Of course, this wouldn’t be a Coen Brothers film if everything was played straight, and it certainly isn’t here. Witness Ehrenreich’s groan-inducing inability to lose his Southern accent, Tatum’s exaggeratedly homoerotic dance sequence from a Navy musical, or Swinton’s (both of her characters) progressively ostentatious hats, and you’ll get a good idea of Hail Caesar’s sensibility. Even when the film attempts to tackle more serious issues – religious iconography in cinema, Communist influence in Hollywood, the morality of the studio system – it does so mercilessly and irreverently.
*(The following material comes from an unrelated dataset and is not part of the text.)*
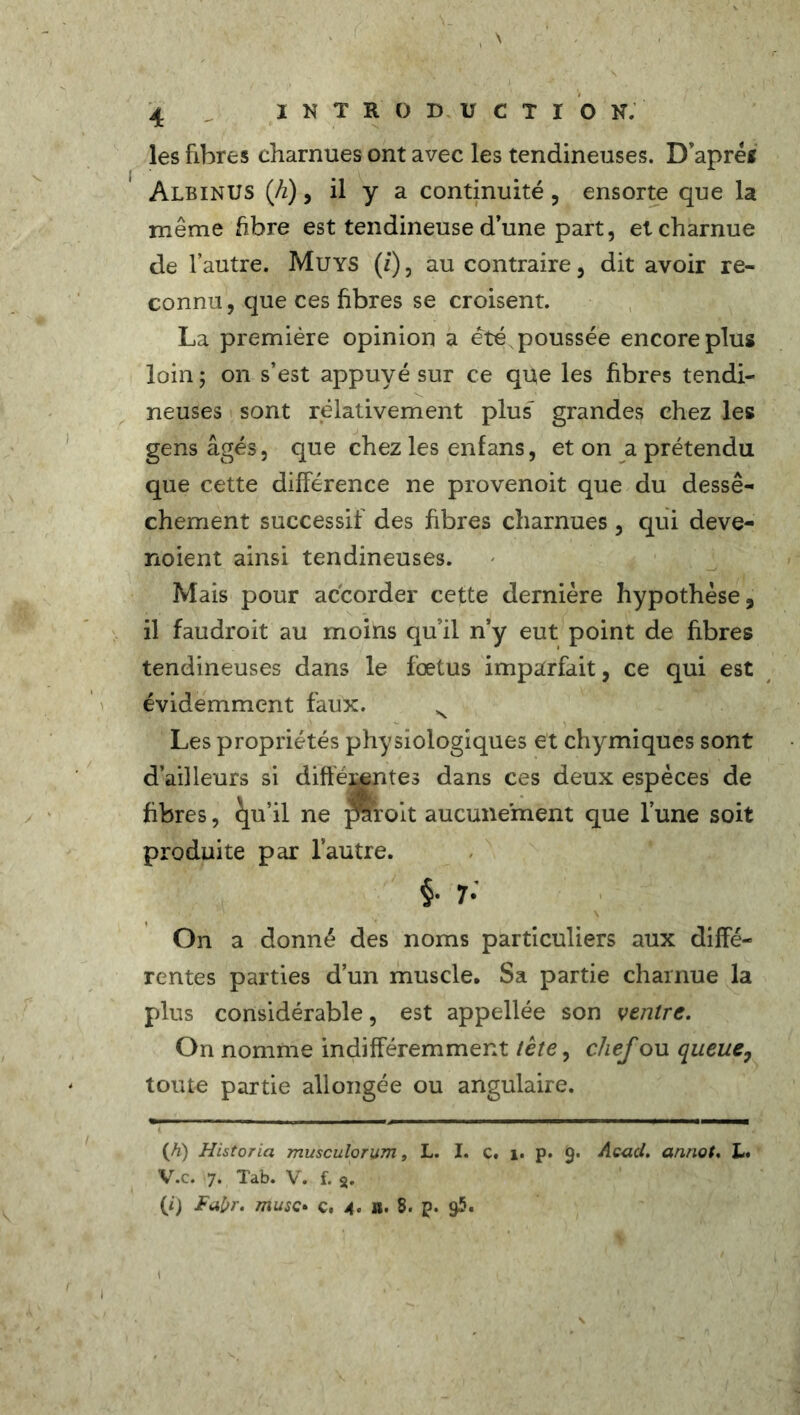 les fibres charnues ont avec les tendineuses. D’apréf Albinus (h), il y a continuité , ensorte que la même fibre est tendineuse d’une part, et charnue de l’autre. Muys (z), au contraire, dit avoir re- connu, que ces fibres se croisent. La première opinion a été poussée encore plus loin; on s’est appuyé sur ce que les fibres tendi- neuses sont relativement plus” grandes chez les gens âgés, que chez les enfans, et on a prétendu que cette différence ne provenoit que du dessè- chement successif des fibres charnues, qui deve- noient ainsi tendineuses. Mais pour accorder cette dernière hypothèse, il faudroit au moins qu’il n’y eut point de fibres tendineuses dans le foetus imparfait, ce qui est évidemment faux. N Les propriétés physiologiques et chymiques sont d’ailleurs si différentes dans ces deux espèces de fibres, qu’il ne prcoit aucunement que l’une soit produite par l’autre. §. 7. \ On a donné des noms particuliers aux diffé- rentes parties d’un muscle. Sa partie charnue la plus considérable, est appellée son ventre. On nomme indifféremment tète, chef ou queue7 toute partie allongée ou angulaire. (fi) Historia musculorum, L. I. c. 1. p. 9. Ac-act. annot. L. V.c. 7. Tab. V. f. 8. (i) Fabr. musc• ç, 4. ü. 8. p. 95.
And yet, for as fun as this film is, there is no getting around the pointlessness of its convoluted plot. This is less a coherent story and more a collection of shenanigans that Mannix (who is a deadpan tough guy everywhere but at home or in a confessional booth) has to mop up, and little is resolved by the end. A previous Coen Brothers film, Burn After Reading, concluded by having characters wonder aloud what just happened and what they could possibly learn from the experience. Viewing Hail, Caesar! will leave you thinking much the same.

Even viewed charitably, Hail, Caesar! does not rank toward the top of the brothers’ output. However, if you have any appreciation for or recollection of classic Hollywood, this reference-laden send-up is likely to leave you entertained.